Concern About Society


By Ole Lefmann


21st March 2019

IN THIS ESSAY I describe how I – now 90 years old – have experienced the societies in which I have lived, first 67 years in Denmark where I was born, brought up and worked, and then 23 years in London, England, where I am living as a pensioner.

My experiences about society began vaguely as a child in Copenhagen in the 1930s when I realised that all grown up males in the family were shop owners who made it a point of honour to be self-employed, able to pay for satisfaction of their own wants and the wants of their closest relatives, not being a burden to anybody else, definitely not burdening the society.

They urged for what then was called Free Trade: trade free from governmental restrictions and customs tariffs, and they disliked taxes. The elder members of the family had all grown up in straitened circumstances and they believed that like themselves everyone in the society could make a fair living by using their natural talents. “Everyone is the smith of his own fortune” was a motto frequently heard those days.
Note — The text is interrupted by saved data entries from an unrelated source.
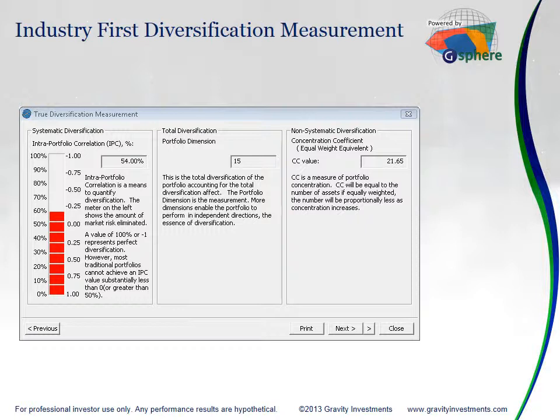About a dozen years ago, I invented the world's first true measure of diversification. We called that the inter-portfolio correlation, shown here on the left. It was a simple weighted average of all the unique correlations in a portfolio, and that value transcribed to a percentage — a great way of measuring the level of systematic diversification in an investor's portfolio.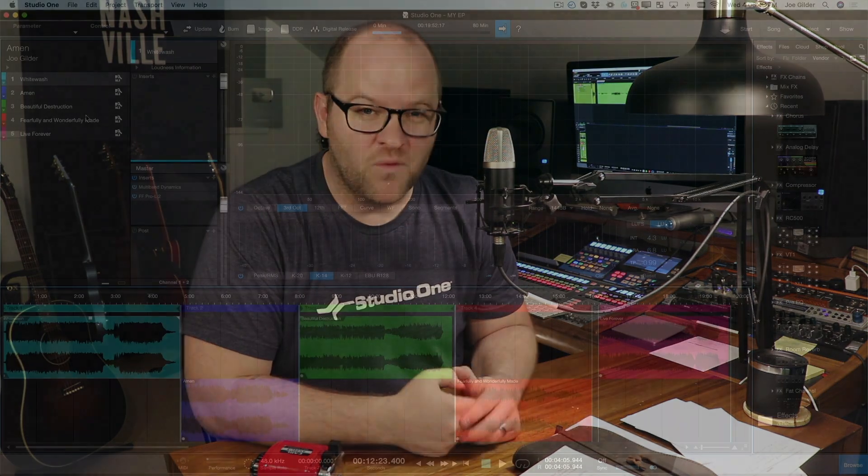What happens when you want to make changes to a mix? You've got to carefully follow the digital paper trail to make sure that you replace the old mix with the new one. Studio One does all that for you.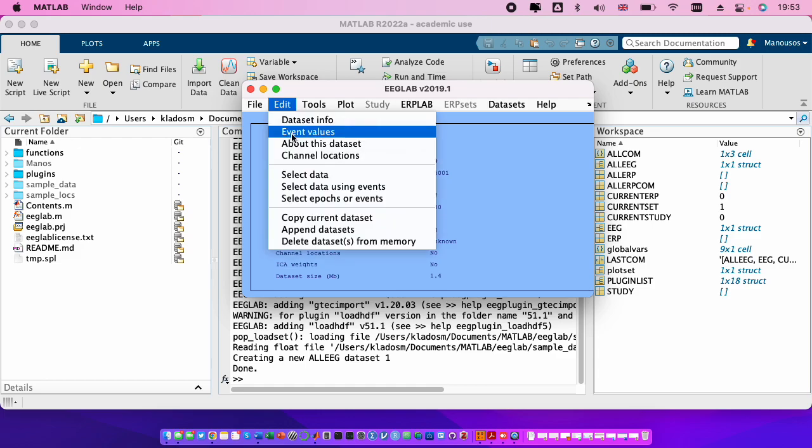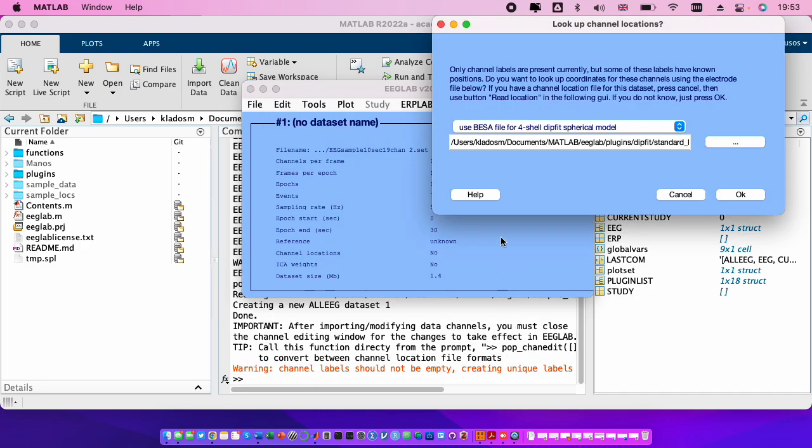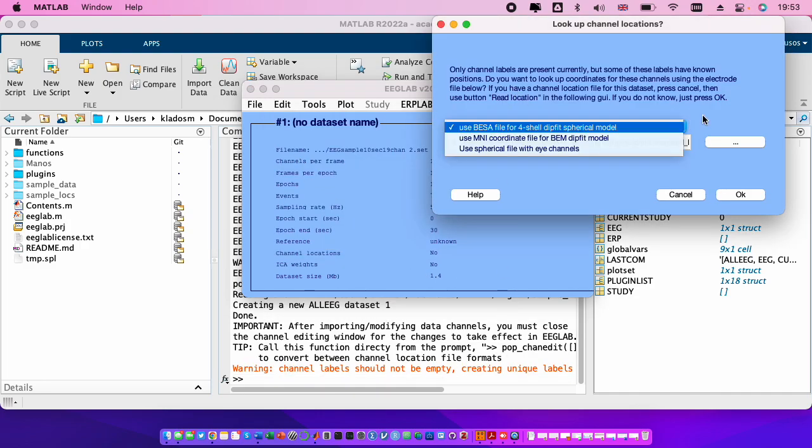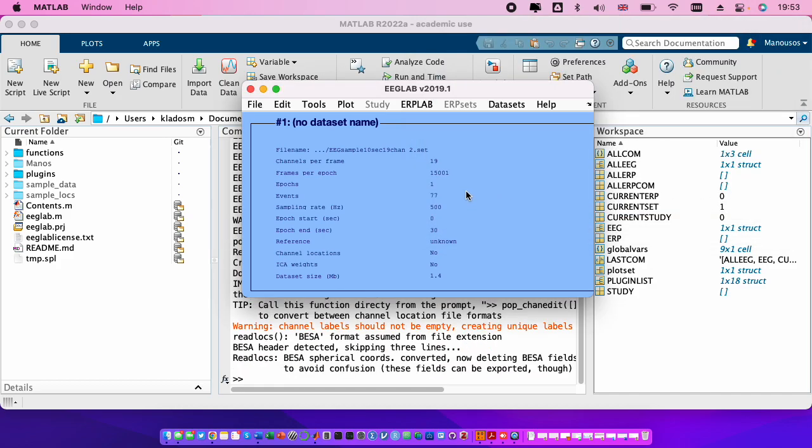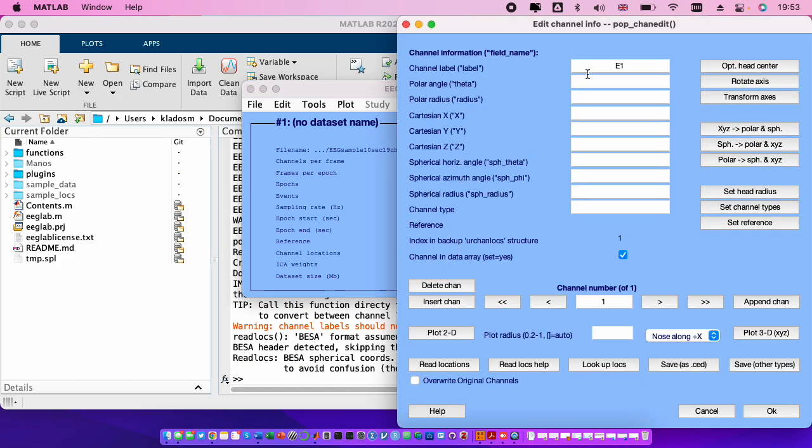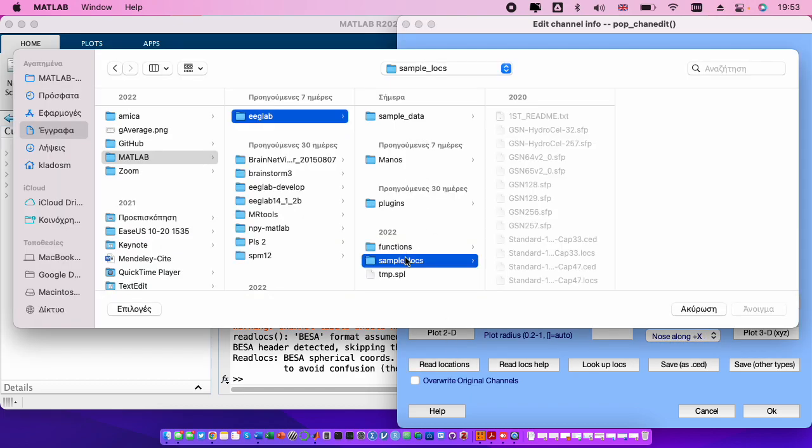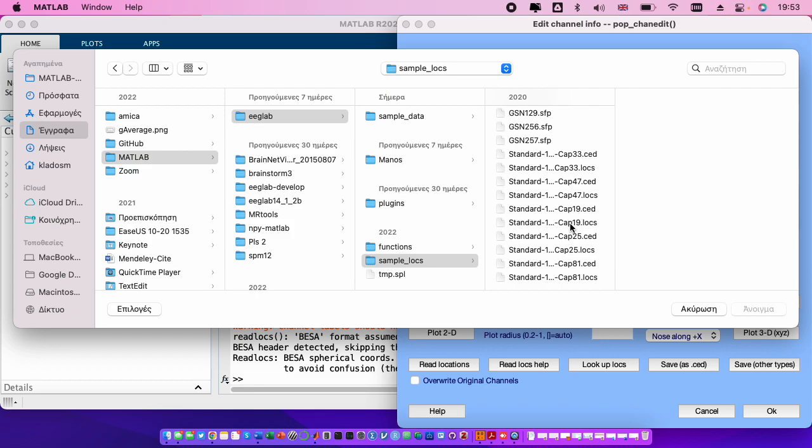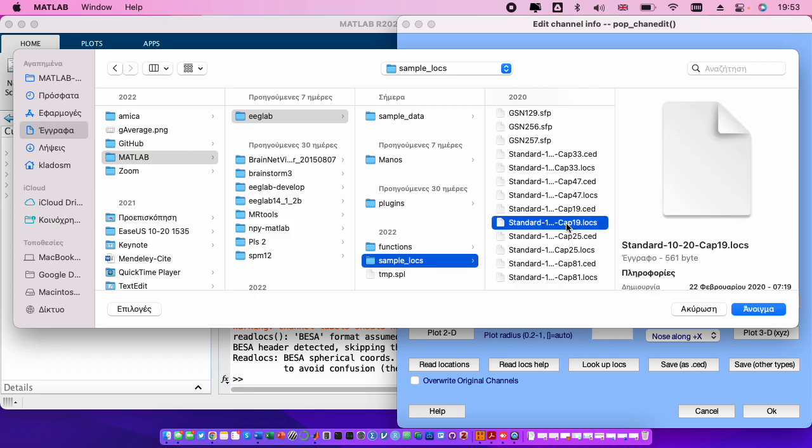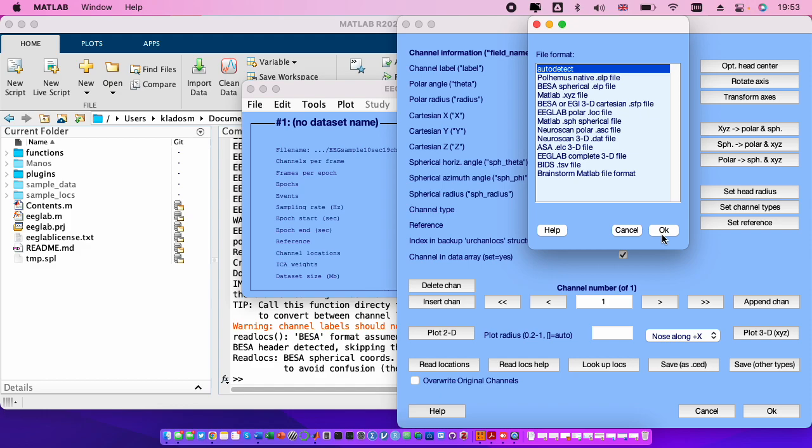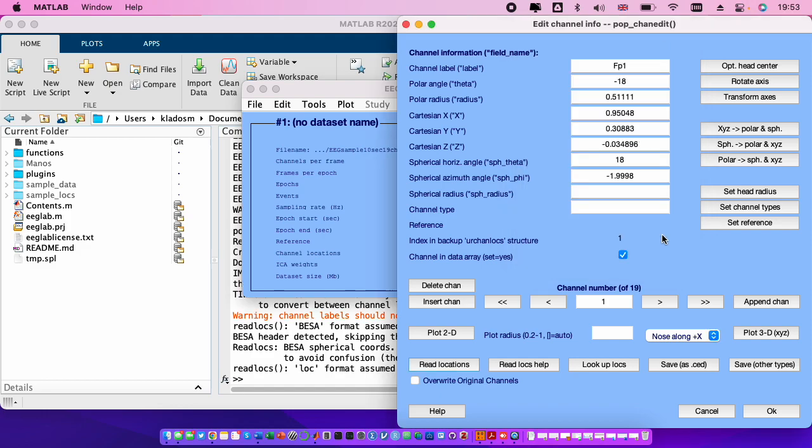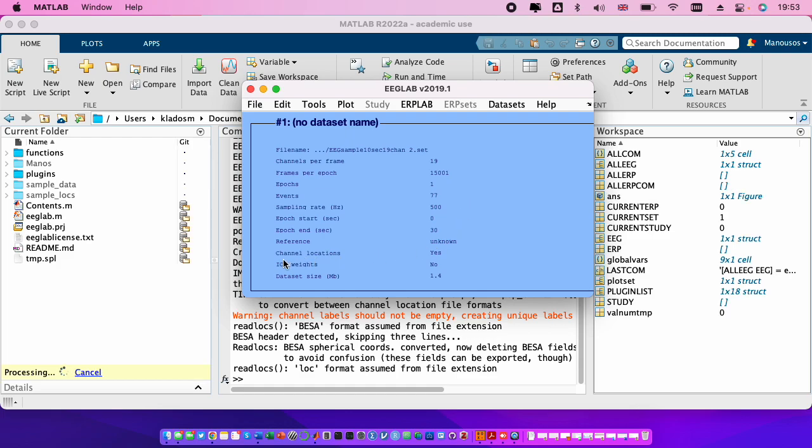So we go to edit channel locations here, we press ok, and then we go to read locations. We find the locs file or the ced file, the cap 19, let's say open, auto detect, and voila, it's ready.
When in 1940 in the age of 11 years I asked my dad, how the public authorities should be able to pay school teachers, fire fighters, policemen, soldiers, and other civil servants if they could not collect taxes, he told me that all citizens pay rent of the land they use for housing or for business, and that the size of the rent of land they pay relates to advantages they can enjoy from the site they use and its surroundings.

And my father continued that advantages of the sites are not provided by individual citizens, but by Nature or by the Society – all citizens in common – who therefore should dispose of the values of the advantages of sites. He was convinced, he said, that most problems in the society would be much easier to solve if the Government, on behalf of all citizens would collect the rent of land from all landowners and stop taxing working people’s income.

That explanation was too complicated to me at that time. I found that teachers, policemen, fire fighters and presumably other public servants were needed, and I accepted that when I would earn some income I should contribute to the expenses of the society by paying taxes.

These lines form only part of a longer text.